La semaine qui suivit, Helena choisit de retourner chez sa mère, cependant de décaler ses repas à une heure après ceux d'Anna, et s'arrangeait pour se trouver hors de la maison le plus souvent possible. Anna n'insista pas, s'accrochant fermement à l'espoir qu'Helena finirait par lui pardonner. Elle savait pertinemment que sa fille ne séjournait chez elle que pour recevoir les résultats de ses examens, mais voulait se détourner de cette raison.
Puis, la veille du retour supposé de la jeune fille au lycée Diderot, une lettre glissa sous la porte, marquée au nom d'Helena Bennet, en provenance de Madame Bernadette Simon. Anna l'aperçut la première, l'autre étant sortie, et décida, dans un mauvais élan de spontanéité et de curiosité, de l'ouvrir.
Son visage resta de marbre lorsqu'elle lut « acceptée » en majuscules, au centre d'un paragraphe de félicitations. Une partie d'elle-même certainement en était ravie, mais le sentiment de solitude qu'Anna avait éprouvé depuis le détachement d'Helena la frappa à nouveau de plein fouet. En restant ici, la jeune femme aurait eu la décence de se forcer à renouer la communication, fusse-t-il par oppression et devoir.
Elle poussa une exclamation de surprise quand le papier lui fut subitement arraché des mains. Le visage accablant qu'affichait Helena résolut sa mère à faire parler la situation.
ANNA : Ecoutes-moi bien, Helena. Je comprends ta colère, je t'ai donné la permission de la ressentir.
HELENA : Très bien, laisses-moi, donc.
ANNA : Je ne t'ai certainement pas, cependant, accordé le droit de me couper la parole, de m'éviter dans ma propre maison et de me traiter comme une parfaite étrangère sur mes lieux, que tu occupes.

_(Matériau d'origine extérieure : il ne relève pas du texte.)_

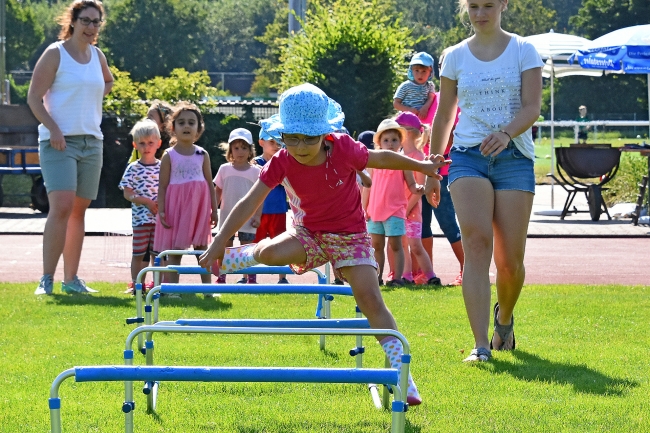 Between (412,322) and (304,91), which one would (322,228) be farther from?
(412,322)

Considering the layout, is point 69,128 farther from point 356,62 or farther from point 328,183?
point 356,62

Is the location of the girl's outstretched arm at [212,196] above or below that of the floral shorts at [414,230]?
above

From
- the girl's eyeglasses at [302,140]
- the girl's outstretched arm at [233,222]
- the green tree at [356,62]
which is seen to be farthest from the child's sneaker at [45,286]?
the green tree at [356,62]

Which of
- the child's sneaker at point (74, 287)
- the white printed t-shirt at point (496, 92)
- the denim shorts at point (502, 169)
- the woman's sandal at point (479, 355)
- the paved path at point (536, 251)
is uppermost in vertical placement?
the white printed t-shirt at point (496, 92)

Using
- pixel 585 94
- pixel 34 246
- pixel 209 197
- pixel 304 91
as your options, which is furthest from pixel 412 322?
pixel 585 94

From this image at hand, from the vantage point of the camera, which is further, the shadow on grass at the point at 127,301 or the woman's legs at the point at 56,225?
the woman's legs at the point at 56,225

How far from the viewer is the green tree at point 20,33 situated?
85500 mm

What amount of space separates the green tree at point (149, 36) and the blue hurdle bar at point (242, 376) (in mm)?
91077

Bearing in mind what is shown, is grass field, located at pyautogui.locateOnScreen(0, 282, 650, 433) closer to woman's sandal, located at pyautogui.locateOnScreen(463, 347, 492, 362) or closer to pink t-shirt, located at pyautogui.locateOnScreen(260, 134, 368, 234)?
woman's sandal, located at pyautogui.locateOnScreen(463, 347, 492, 362)

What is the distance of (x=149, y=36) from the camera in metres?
95.9

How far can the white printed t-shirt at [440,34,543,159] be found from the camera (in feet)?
21.0

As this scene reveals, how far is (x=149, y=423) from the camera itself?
501cm

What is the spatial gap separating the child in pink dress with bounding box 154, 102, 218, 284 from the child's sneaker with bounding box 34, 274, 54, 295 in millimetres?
989

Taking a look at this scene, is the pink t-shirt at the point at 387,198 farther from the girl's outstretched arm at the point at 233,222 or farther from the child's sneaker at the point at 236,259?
the girl's outstretched arm at the point at 233,222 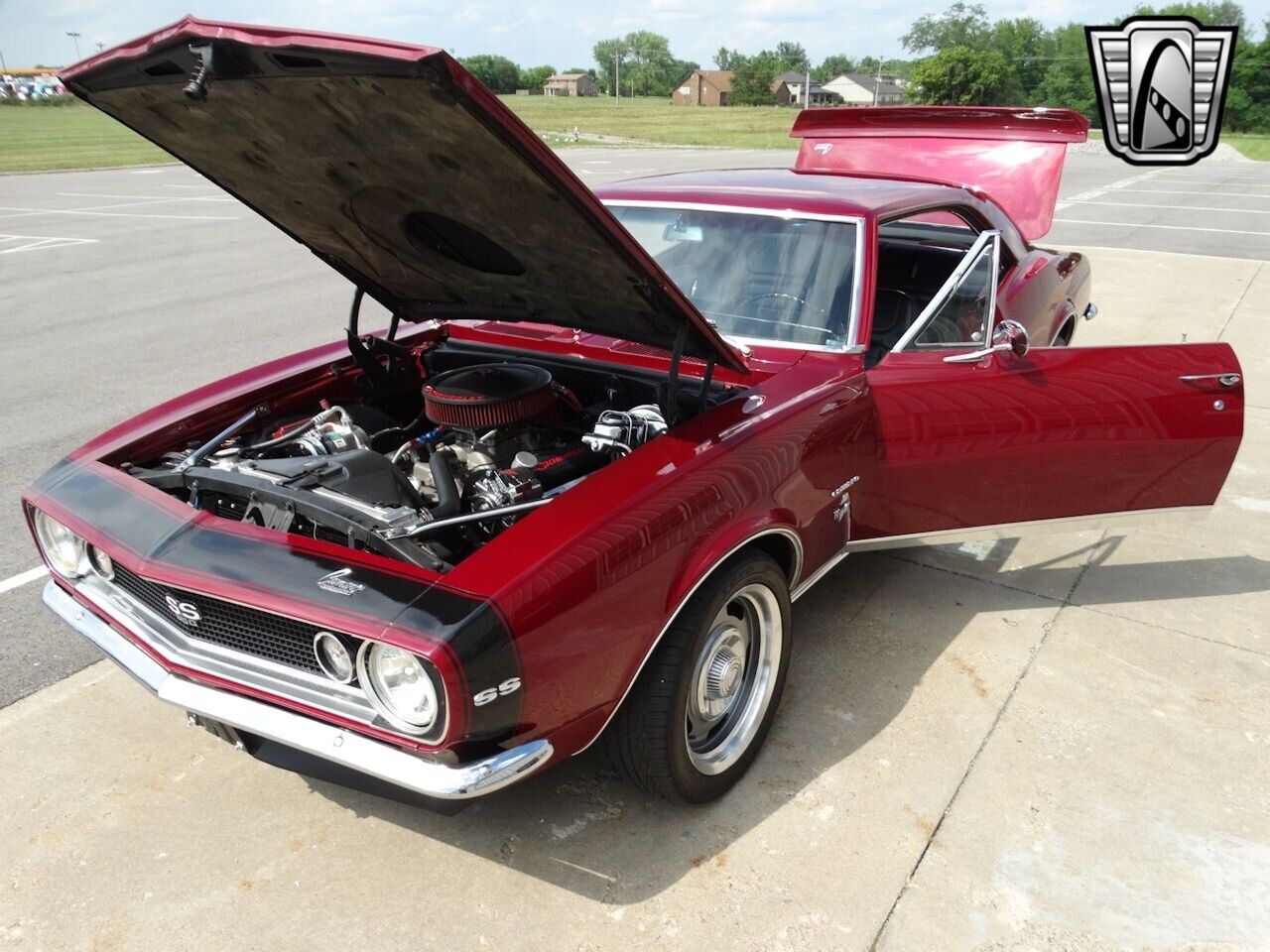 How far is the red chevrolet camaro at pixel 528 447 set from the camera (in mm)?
2123

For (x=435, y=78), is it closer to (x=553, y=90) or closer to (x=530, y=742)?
(x=530, y=742)

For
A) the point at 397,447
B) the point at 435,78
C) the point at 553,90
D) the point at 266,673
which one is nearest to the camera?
the point at 435,78

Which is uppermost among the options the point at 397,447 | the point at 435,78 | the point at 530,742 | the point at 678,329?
the point at 435,78

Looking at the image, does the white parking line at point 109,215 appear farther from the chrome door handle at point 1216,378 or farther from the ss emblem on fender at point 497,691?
the ss emblem on fender at point 497,691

HELENA : Je n'ai nulle part où aller, crois bien, sinon, que je serais partie depuis longtemps.
Cette réponse blessa Anna, jamais n'aura-t-elle eu à imaginer que pareil comportement proviendrait de sa fille, qu'elle avait élevé avec tout l'amour du monde, en sacrifiant tout ce qui lui était cher.
ANNA : Bien sûr. Je m'ose à penser que tu préfèrerais certainement aller au lycée à pied, demain. Je partirais de suite, si j'étais toi, la route est longue.

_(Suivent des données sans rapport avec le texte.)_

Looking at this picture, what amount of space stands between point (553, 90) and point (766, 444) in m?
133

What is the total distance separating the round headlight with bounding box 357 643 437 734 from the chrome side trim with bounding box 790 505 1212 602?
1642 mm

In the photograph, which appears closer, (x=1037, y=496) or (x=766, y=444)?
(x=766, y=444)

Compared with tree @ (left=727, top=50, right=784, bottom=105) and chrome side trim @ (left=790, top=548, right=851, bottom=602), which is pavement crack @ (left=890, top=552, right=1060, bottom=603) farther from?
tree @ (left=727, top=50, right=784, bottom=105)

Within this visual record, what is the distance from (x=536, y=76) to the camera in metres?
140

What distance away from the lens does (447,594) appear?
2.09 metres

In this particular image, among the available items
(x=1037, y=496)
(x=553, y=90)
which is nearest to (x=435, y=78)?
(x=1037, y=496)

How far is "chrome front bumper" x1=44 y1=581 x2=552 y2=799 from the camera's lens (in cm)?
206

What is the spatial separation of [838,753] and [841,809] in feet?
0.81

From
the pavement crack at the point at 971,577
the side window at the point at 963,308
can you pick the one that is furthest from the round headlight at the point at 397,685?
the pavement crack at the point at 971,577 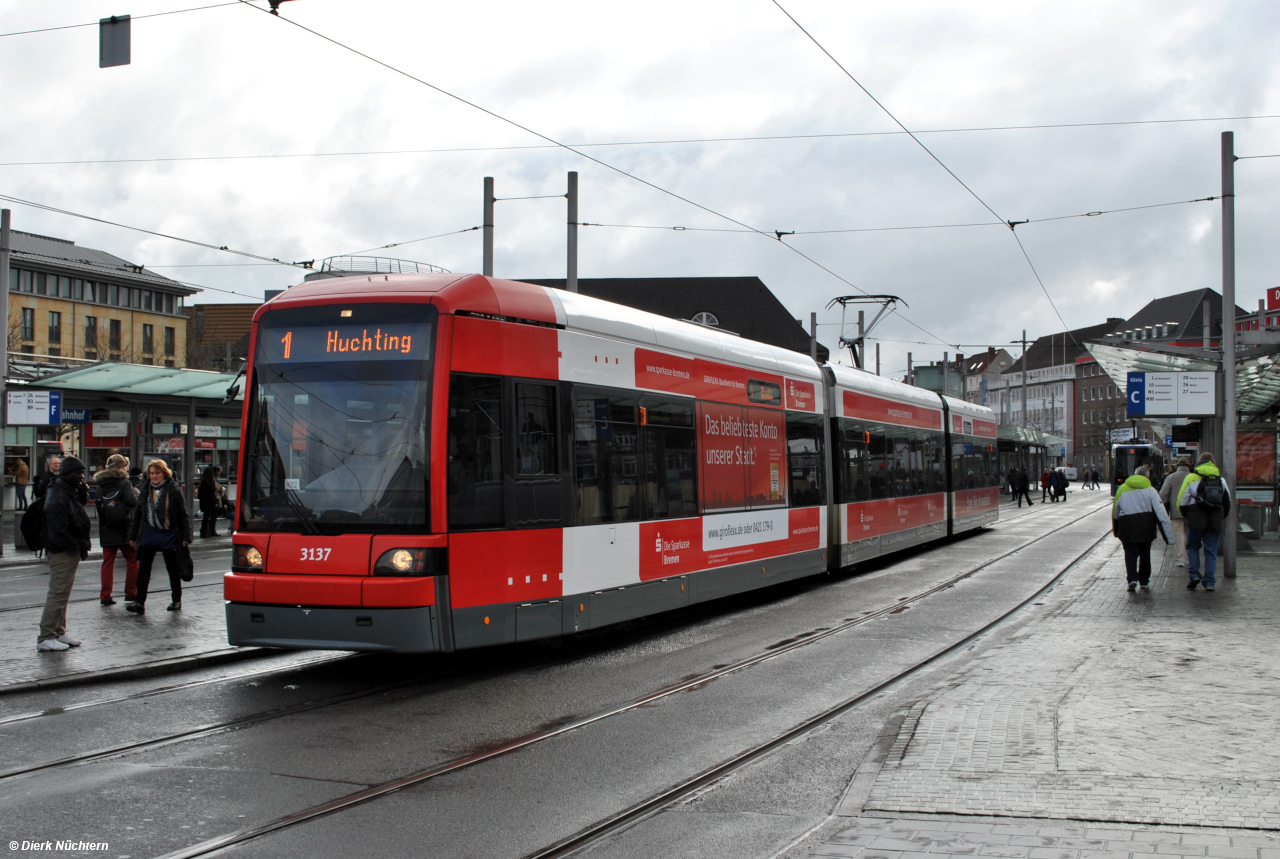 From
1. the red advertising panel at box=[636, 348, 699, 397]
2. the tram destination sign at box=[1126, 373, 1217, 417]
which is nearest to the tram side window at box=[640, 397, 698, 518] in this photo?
the red advertising panel at box=[636, 348, 699, 397]

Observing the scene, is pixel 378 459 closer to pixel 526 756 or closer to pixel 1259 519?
pixel 526 756

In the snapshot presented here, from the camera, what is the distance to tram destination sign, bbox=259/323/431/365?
28.0 feet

Ayant installé un silence pesant, Anna s'éloigna dans le couloir. Helena ne concentra ses pensées que sur le fait qu'elle retournerait effectivement au lycée le lendemain, et sur la lettre qu'elle tint fermement, le sourire aux lèvres. Revenant à la réalité, elle pensa. Elle n'avait aucun autre moyen de s'y rendre autre que la voiture de sa mère. Emprunter le véhicule elle-même favorisait les chances de retrouvailles avec son père beaucoup plus tôt que prévu, et y aller à pied était impossible, il était déjà trop tard. Dans un élan d'hypocrisie, elle suivit Anna.
HELENA : Excuses-moi !
Anna lui rit au nez.
HELENA : Je ne peux aller au lycée seule, il est vrai, et je t'en veux. J'emploie une mauvaise manière de te l'exprimer, cela, je m'en excuse. J'ai été blessée de cette vérité, je n'en suis pas guérie. Je n'ai jamais eu à t'ignorer dans tes lieux que j'occupe, je ne sais comment m'y prendre, car je veux que tu saches ma douleur d'avoir été trahie.

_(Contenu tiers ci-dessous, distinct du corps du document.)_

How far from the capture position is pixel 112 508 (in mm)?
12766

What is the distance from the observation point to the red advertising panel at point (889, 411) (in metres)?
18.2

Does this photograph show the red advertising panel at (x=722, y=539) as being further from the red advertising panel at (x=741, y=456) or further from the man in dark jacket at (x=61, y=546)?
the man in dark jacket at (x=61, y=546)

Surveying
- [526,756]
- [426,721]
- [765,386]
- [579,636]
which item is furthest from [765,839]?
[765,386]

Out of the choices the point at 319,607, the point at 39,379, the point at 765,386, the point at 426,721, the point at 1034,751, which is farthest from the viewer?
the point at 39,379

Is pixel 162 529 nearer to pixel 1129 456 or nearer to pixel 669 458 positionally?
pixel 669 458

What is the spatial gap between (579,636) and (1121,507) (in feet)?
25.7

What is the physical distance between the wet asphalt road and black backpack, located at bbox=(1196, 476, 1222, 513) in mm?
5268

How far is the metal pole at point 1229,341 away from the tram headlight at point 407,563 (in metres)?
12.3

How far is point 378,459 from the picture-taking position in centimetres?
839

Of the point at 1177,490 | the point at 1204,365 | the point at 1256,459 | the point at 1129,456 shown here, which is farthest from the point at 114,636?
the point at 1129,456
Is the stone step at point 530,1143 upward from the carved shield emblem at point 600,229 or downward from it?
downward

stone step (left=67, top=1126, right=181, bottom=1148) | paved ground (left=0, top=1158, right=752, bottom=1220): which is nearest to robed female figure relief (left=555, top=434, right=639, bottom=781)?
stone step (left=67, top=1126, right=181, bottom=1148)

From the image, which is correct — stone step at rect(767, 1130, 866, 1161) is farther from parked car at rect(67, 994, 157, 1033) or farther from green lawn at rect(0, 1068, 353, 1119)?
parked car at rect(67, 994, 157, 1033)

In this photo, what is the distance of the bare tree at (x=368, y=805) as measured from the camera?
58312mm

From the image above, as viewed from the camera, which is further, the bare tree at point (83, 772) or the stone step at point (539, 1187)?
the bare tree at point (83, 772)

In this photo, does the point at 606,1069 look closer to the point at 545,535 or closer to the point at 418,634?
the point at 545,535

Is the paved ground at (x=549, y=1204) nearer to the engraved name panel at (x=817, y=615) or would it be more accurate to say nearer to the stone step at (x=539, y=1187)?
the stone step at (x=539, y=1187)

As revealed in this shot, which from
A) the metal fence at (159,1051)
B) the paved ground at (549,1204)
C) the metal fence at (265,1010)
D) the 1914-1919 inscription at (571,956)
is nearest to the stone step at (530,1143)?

ANNA : Je la sais, Helena. Penses-tu que j'aurais gardé ce secret si longtemps, si je l'ignorais ? Je sais pertinemment que tu souffres, tu n'as nul besoin de me le prouver. Je te conduirai, demain, n'aies crainte. Mais souviens-toi, face à ce mensonge, du reste, de ce que je me suis tuée à te donner. Je ne peux te perdre après avoir perdu Emile et ton père. Ta déchirure ne m'est pas étrangère, crois-moi. Parle-moi, racontes-moi ce qui alimente cette trahison que tu ressens, je suis fautive en partie, mais je connais cette frustration, elle dure de plus en plus, elle s'allonge et s'amplifie.
Helena ne répondit rien. Mais le soir, elle soupa en compagnie de sa mère.
VOUS LISEZ
Car je vous aime
RomanceA 17 ans, Helena laisse derrière elle un passé désordonné et accorde finalement une place au bonheur. Elle fait la rencontre de Neven, jeune écossais au rire charmeur et aux yeux d'amande. L'arrivée d'Aurore et la vérité d'un mensonge pesant vont-il...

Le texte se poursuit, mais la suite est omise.